Return the lines that run from the beginning of the entries to the line holding "Buiten wandlamp zwart", inclusive, and drop the pictures.

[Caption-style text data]
◆ ◆ ◆ ◆ ◆

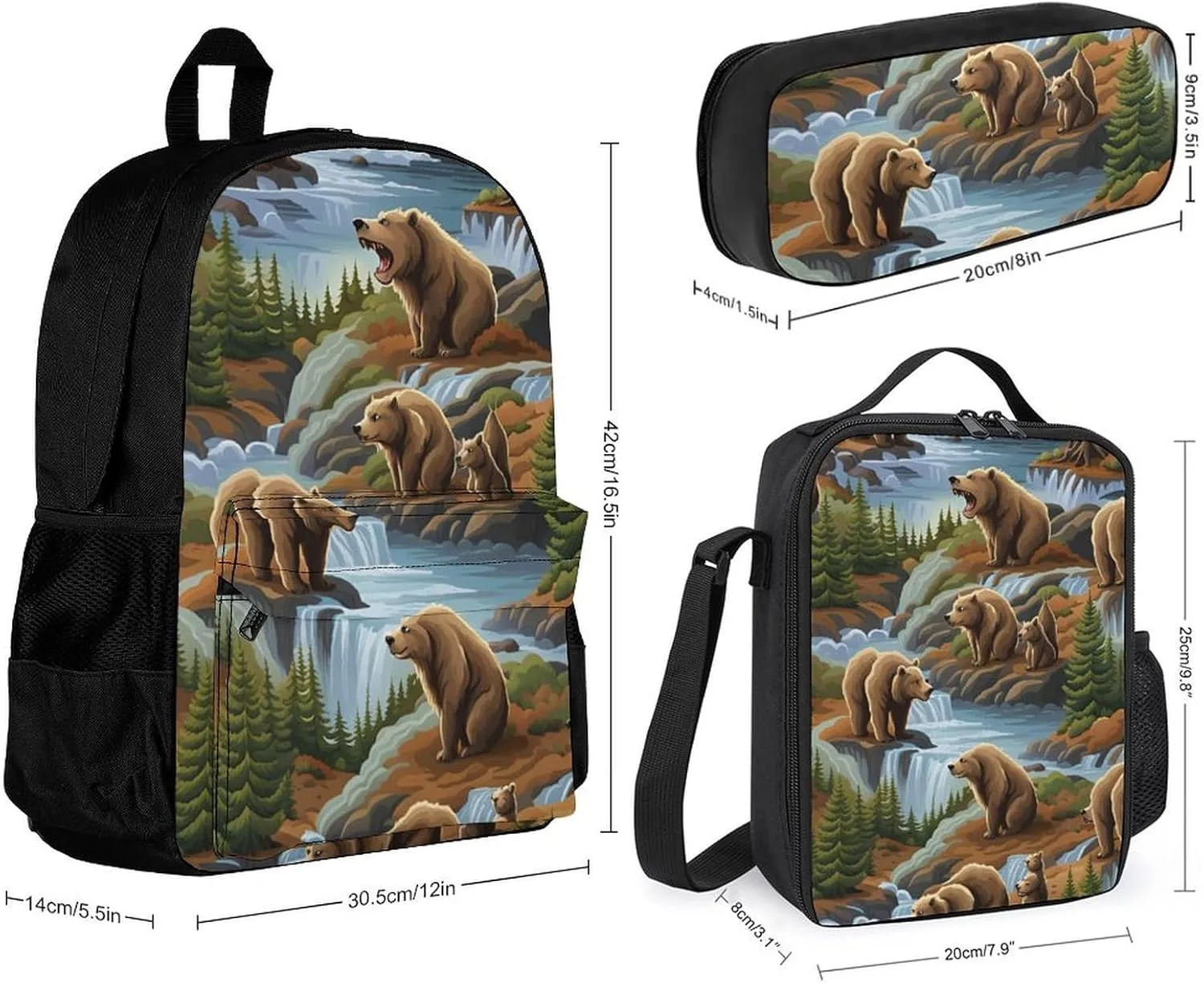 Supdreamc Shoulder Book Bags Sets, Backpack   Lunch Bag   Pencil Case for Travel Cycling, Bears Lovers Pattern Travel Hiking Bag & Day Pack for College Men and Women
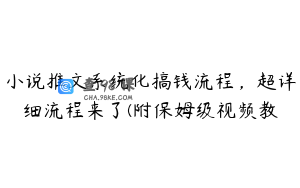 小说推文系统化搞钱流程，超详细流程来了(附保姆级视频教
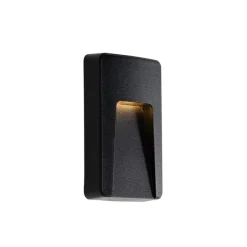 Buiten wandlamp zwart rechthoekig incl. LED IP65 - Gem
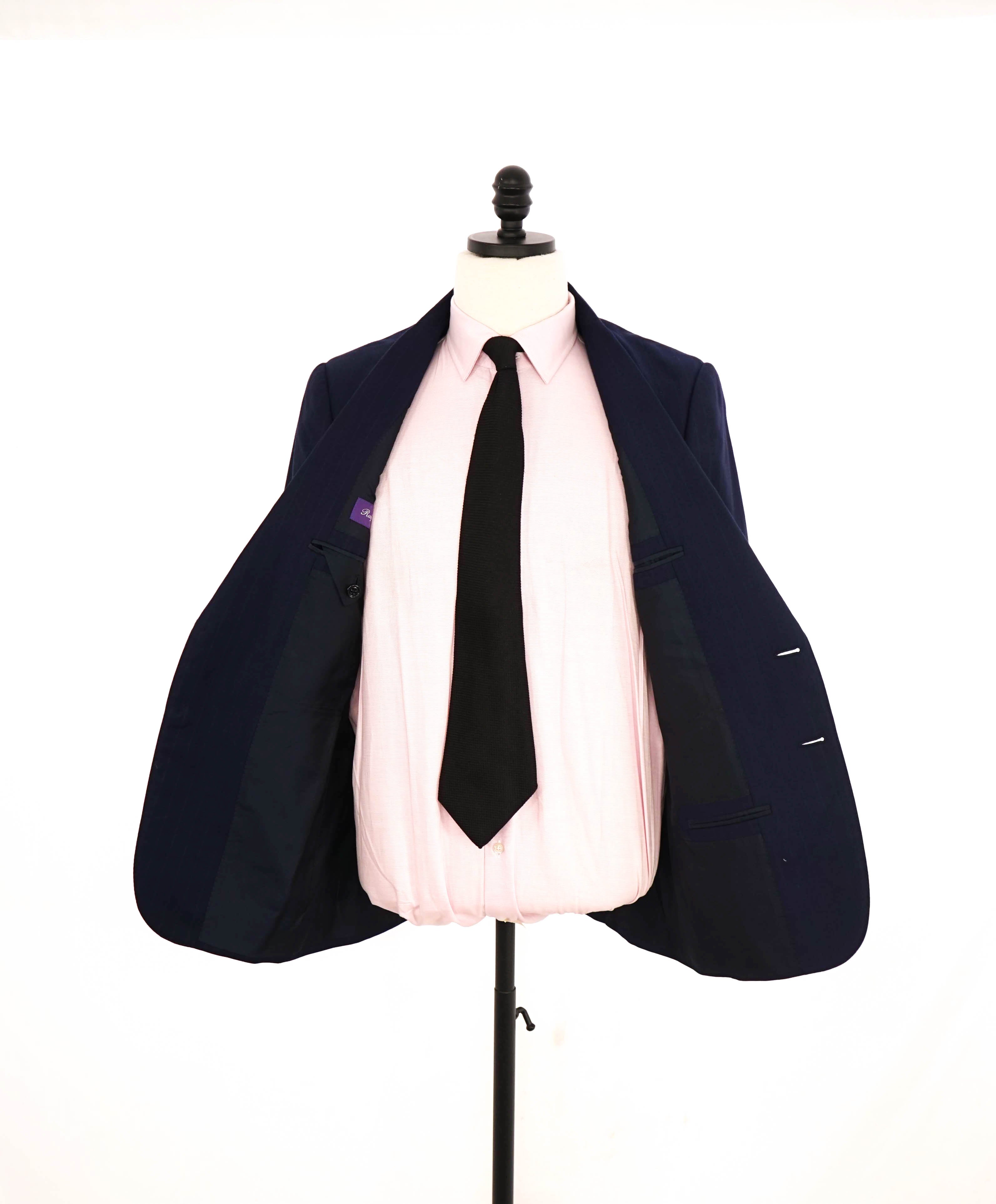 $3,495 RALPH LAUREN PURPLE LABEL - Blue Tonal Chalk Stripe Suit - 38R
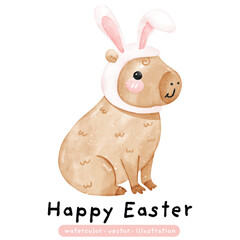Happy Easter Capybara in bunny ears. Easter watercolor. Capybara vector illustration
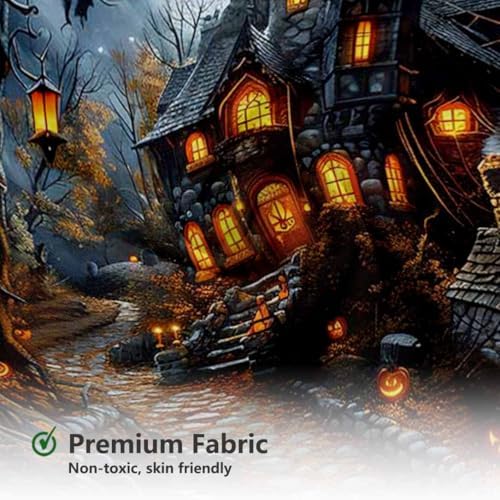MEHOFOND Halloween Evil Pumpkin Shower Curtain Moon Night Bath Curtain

◆ ◆ ◆ ◆ ◆

> EXERCISE ANSWER
 Supdreamc Shoulder Book Bags Sets, Backpack   Lunch Bag   Pencil Case for Travel Cycling, Bears Lovers Pattern Travel Hiking Bag & Day Pack for College Men and Women
 小说推文系统化搞钱流程，超详细流程来了(附保姆级视频教
 Buiten wandlamp zwart rechthoekig incl. LED IP65 - Gem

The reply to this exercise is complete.